Material provided Block Start
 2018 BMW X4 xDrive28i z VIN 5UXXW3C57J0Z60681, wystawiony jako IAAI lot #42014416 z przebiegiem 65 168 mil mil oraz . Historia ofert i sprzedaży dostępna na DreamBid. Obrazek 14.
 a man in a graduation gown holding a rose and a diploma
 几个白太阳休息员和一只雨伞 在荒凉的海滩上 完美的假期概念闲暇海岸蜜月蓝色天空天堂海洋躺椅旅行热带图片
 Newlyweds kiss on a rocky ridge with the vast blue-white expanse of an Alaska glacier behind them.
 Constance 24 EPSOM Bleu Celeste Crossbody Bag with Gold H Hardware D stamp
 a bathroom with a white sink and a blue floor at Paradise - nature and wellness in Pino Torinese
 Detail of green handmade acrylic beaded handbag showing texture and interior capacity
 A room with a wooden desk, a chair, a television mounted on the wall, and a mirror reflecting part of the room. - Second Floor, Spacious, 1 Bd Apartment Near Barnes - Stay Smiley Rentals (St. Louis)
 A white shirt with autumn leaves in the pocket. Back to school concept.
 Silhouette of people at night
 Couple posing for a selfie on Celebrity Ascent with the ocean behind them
Material provided Block End
Material provided Block Start
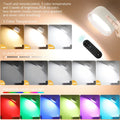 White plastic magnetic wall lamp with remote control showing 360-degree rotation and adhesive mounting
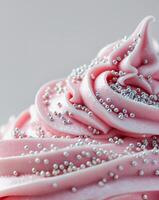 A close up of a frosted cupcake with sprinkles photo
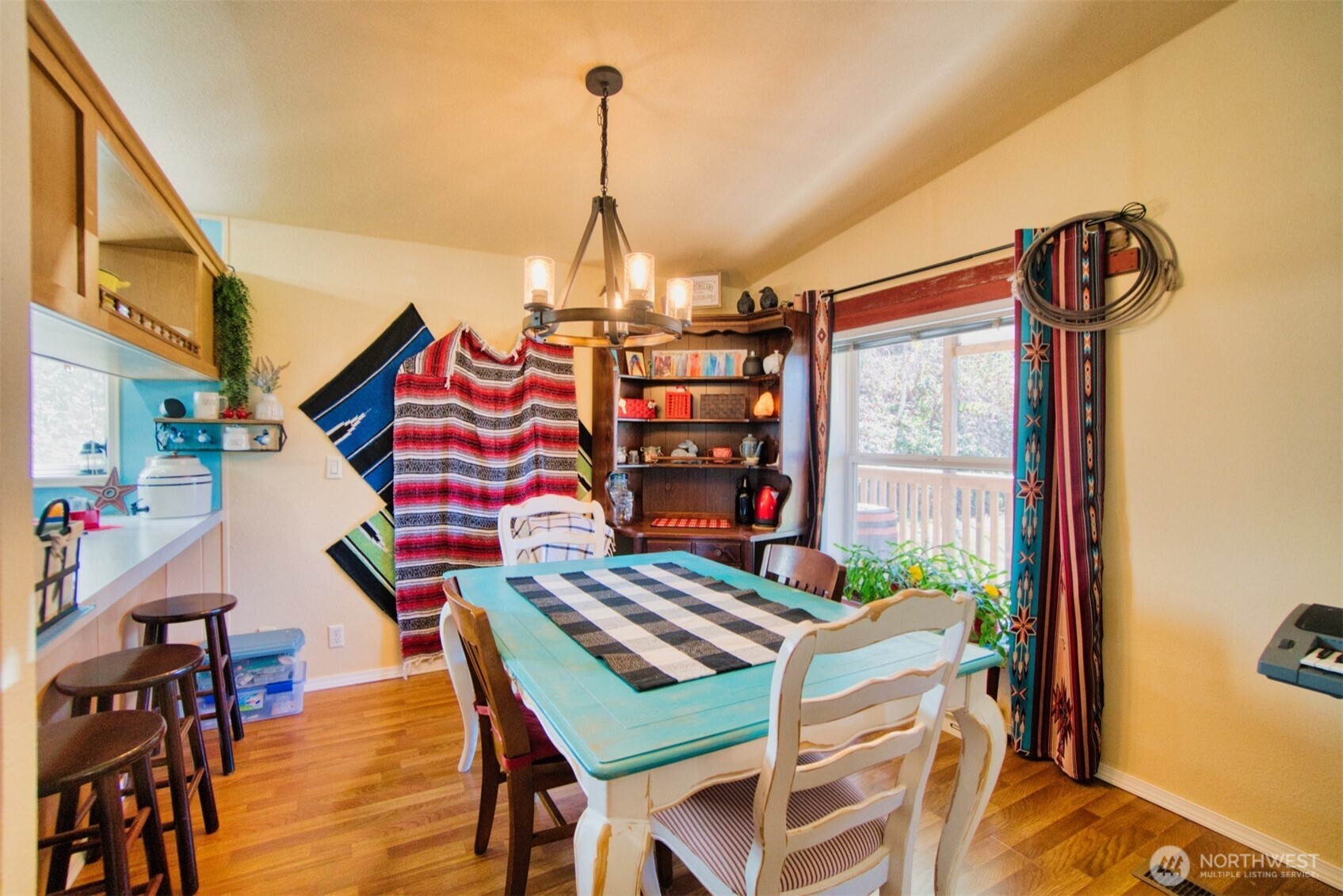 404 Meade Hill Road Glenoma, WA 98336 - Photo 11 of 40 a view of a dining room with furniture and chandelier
Material provided Block End
Material provided Block Start
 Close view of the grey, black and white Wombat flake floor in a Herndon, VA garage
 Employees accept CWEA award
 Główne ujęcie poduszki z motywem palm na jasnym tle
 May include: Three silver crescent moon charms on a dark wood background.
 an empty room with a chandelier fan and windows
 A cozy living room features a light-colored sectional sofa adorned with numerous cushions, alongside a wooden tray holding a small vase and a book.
Material provided Block End
*Work order*
Within the material above, copy exactly the lines from the line that holds "May include: Three" up to and including the line that holds "A cozy living".

*Written answer*
 May include: Three silver crescent moon charms on a dark wood background.
 an empty room with a chandelier fan and windows
 A cozy living room features a light-colored sectional sofa adorned with numerous cushions, alongside a wooden tray holding a small vase and a book.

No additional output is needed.